Güler, ceza infaz yasasında suç türüne bakılmaksızın tüm mahkumların insan hakları çerçevesinde eşit muamele görmesi gerektiğini ifade etti. Bu bağlamda, sadece bir kişinin durumuna göre toplumsal barışa yönelik düzenleme yapmanın yetersiz olacağına dikkat çekti.

'Çözüm süreci değil, diğer partilerle paylaşılan görüşler'

Görüşmelerin devam ettiğini ve bir takvime bağlanmasının doğru olmadığını belirten Güler, sürecin bir çözüm süreci olmadığını vurguladı. Bölgesel ve küresel krizlerin giderek derinleşebileceği bir dönemde, toplumsal barışı muhafaza etmenin büyük önem taşıdığını söyledi.

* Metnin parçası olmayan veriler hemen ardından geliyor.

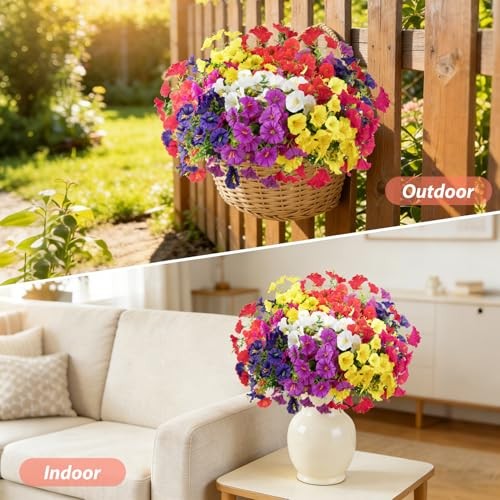 12 Bundles Artificial Flowers for Outdoors Decoration, Faux 6 Mixed Colors gallery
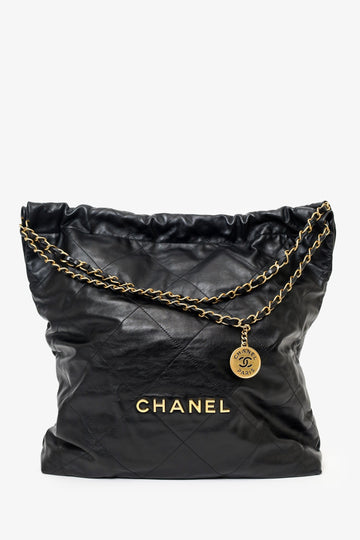 Chanel™ Black Lambskin Large 22 Shoulder Bag with Pouch
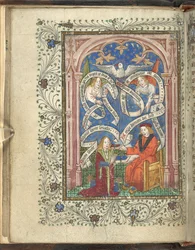 A kneeling pupil, perhaps representing the author, Norton, receiving a book from his master, with angels, written scrolls and a dove above. Ordinal of Alchemy. Thomas Norton 4th quarter of the 15th century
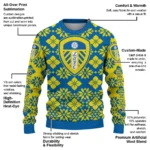 Customized Leeds United Snowflake Matrix Blue Sweater Best Selling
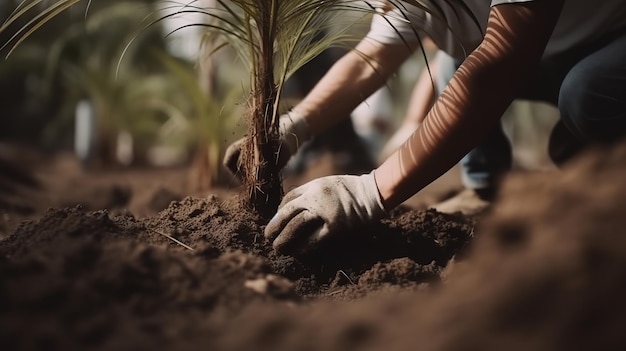 La gente está plantando palmeras de cerca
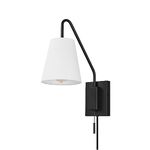 Globe Electric 65000043 1-Light Plug-in or Hardwire Wall Sconce, Matte Black, White Fabric Shade, Swing Arm, 6ft Black Braided Fabric Cord, On/Off Pull Chain, Wall Lights for Living Room, Home Décor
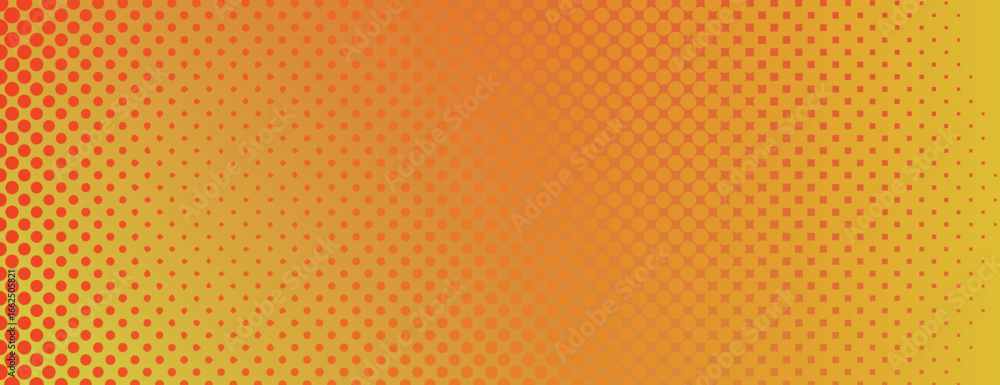 Poster retro pop art background with orange and yellow gradient. background features halftone dotted textur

Güler, görüşmelerin sürdüğünü ve bir takvim olmadığını söyleyerek "Dönem dönem görüşmeler yapılacak. Bunu bir takvime bağlarsak doğru olmaz. Arkadaşlar ziyaret yaptılar, Sırrı Bey ile Pervin Hanım ilk görüşmeleri yaptılar. Şimdi görüşlerini bizlerle paylaşıyorlar, diğer siyasi parti gruplarıyla paylaşıyorlar. Devamında da o cevaplar, beyanlar tüm herkes düşüncelerini ifade ediyor onlar iletilecek, onlar belli bir şekilde olgunlaşacak, ona göre de belli olur. Bunu bir takvime bağlamak doğru değil. Bu bir çözüm süreci değil, benzerliği de yok. O günün şartları, özelliği, durumu bugüne taşıdığımda hiç birbiriyle benzer durum yok. Bölgesel denklemlerde çok büyük kriz alanının oluşacağı, dünyanın belki birkaç yılında, farklı küresel mücadelelerin çok daha yıkıcı hale gelebileceği bir dönemden bahsediyoruz. Toplumsal iç barışımızı muhafaza edip, bu duruma hazırlanmak gerekiyor" dedi.

Güler, DEM Parti heyetinin ziyaret talebini Cumhurbaşkanı Tayyip Erdoğan'a ilettiklerini, AK Parti heyetini de Erdoğan'ın belirlediğini söyledi. Güler, görüşmeyle ilgili Erdoğan'ı yakın zamanda ziyaret edip, bilgilendireceklerini de belirtti.